Deafness in the genome
There are more than 30 different genes associated with non-syndromic hearing loss (where hearing is the only affected part of the body, as opposed to syndromes where it is only one of several affected systems), many of which have roles in the development and functioning of the inner ear.
Among these is the OTOF gene, which encodes the protein otoferlin. Otoferlin is necessary for the tiny hair cells in the inner ear to transmit the information received by the ear to the nerve that takes the signal to the brain. Children can have two non-functional copies of the OTOF gene and no other functional issues with the ears and brain, but the connection between them is disrupted.
“Children with a variation in the OTOF gene are born with severe to profound hearing loss, but they often pass the newborn hearing screening so everyone thinks they can hear. The hair cells are working, but they are not talking to the nerve,” explained academic lead in Otology and Neurotology at Cambridge University Hospitals Trust, Professor Manohar Bance, who is leading the trial at Addenbrooke’s Hospital in Cambridge.
As a monogenic condition, deafness caused by otoferlin deficiency is an ideal target for gene therapy due to everything else being present and functioning correctly. Although experimental, Professor Bance and his colleagues believe that gene therapy could be more effective than the current standard treatment of cochlear implants. He stressed that, like with cochlear implants, the best results are likely to be seen when treatment is administered early in life, while the parts of the brain that deal with processing sound are still able to adapt.
- Further reading: What are genome editing and gene therapy?
Clinical trial
The trial will recruit 18 children in the UK, Spain and the US who will each be followed for five years to see how the gene therapy affects their hearing.
The gene therapy will work by injecting a harmless virus that contains a working copy of the OTOF gene into the patient’s cochlea. The procedure is performed under general anaesthetic and is similar to cochlear implant surgery.
It is especially important that patients who have another treatment option – in this case a cochlear implant –are not disadvantaged by taking part in a clinical trial, compared to the normal standard of care. As such, the clinical trial is planned in three stages, to minimise any risk to the young patients:
- Stage 1: a low dose of the gene therapy will be introduced into one ear only.
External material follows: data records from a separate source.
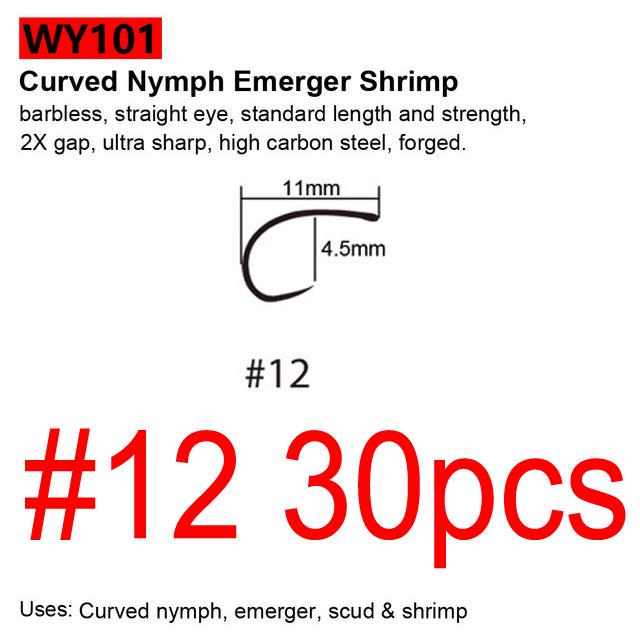 Черные никелевые крючки для завязывания мушек Bimoo, 30 шт./упак., крючки для завязывания мушек Nymph Stonefly Emerger Streamer Caddis, сухие крючки для мушки, крючки для ловли форели
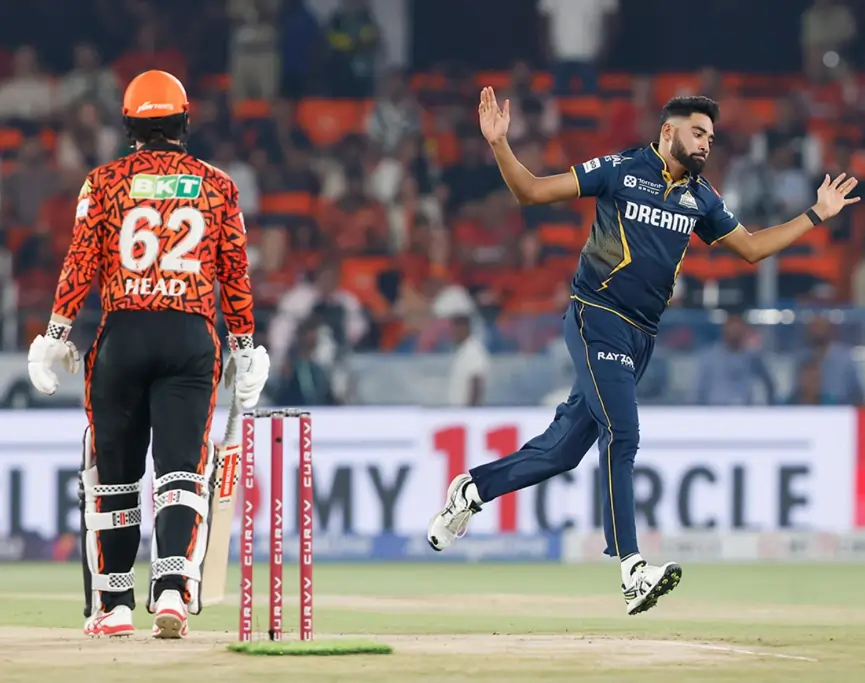 Mohammed Siraj after taking wicket of Travis Head
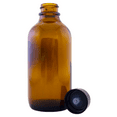 thumbnail image 3 of 4 oz Amber Glass Boston Round Bottles With Black Ribbed Cap - 12 Pack, 3 of 3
- Stage 2: if there has been no adverse reaction, a second higher dose of the same gene therapy will be introduced into the same ear as Stage 1.
- Stage 3: after ensuring the safety and effectiveness of the first two stages, a final dose will be administered in both ears.
If the treatment causes a reaction, or is unsuccessful after 6 months, the children will still be able to receive cochlear implants if their parents wish.
Opening up new possibilities
Preliminary results from the first stage of the trial have provided encouraging results with its first patient in regard to safety and efficacy. If the approach is successful at the completion of the study, it could be used to target other genes causing deafness or hearing loss.
“It’s really important that we get the first gene therapy treatment right because it will allow us to proceed to treating other genetic conditions” said Professor Bance.